[Records from a data collection]
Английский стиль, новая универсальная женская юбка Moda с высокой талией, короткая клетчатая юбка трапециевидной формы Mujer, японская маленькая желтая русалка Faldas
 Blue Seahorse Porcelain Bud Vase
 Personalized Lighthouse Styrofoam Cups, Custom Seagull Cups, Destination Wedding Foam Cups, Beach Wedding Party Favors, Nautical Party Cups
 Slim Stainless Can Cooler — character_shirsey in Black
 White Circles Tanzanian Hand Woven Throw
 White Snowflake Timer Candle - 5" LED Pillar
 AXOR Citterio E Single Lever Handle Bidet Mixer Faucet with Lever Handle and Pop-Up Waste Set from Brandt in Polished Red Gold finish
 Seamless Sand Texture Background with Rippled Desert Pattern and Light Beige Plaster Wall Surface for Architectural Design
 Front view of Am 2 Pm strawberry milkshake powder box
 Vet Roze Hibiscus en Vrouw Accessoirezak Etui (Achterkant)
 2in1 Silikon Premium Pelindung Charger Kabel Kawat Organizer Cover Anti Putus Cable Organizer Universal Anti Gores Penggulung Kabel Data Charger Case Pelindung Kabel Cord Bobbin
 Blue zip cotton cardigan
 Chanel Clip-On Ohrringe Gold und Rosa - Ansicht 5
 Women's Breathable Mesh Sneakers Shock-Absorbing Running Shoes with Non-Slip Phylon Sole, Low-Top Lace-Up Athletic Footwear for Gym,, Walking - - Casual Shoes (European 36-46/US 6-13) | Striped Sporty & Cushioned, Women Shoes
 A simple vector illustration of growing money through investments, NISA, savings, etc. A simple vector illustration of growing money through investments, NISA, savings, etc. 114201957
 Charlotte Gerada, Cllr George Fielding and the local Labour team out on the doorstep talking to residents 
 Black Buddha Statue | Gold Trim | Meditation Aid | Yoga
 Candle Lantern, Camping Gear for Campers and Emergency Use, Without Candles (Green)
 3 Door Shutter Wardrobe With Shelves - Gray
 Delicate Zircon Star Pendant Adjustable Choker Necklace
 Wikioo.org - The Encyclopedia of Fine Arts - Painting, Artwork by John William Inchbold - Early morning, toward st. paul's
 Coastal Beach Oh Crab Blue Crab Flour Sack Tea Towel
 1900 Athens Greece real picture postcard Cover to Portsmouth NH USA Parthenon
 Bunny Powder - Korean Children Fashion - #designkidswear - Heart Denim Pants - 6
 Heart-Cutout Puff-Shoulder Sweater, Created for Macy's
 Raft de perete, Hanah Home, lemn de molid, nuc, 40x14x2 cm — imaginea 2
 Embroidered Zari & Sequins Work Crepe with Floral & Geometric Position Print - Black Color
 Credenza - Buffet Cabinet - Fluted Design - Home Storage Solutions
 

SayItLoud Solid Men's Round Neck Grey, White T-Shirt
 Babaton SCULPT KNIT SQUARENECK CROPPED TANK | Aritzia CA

* [What the task asks] Please provide an exact transcription of each line from the one holding "Embroidered Zari &" through the final line of the data above.

* [Response for this exercise]
 Embroidered Zari & Sequins Work Crepe with Floral & Geometric Position Print - Black Color
 Credenza - Buffet Cabinet - Fluted Design - Home Storage Solutions
 

SayItLoud Solid Men's Round Neck Grey, White T-Shirt
 Babaton SCULPT KNIT SQUARENECK CROPPED TANK | Aritzia CA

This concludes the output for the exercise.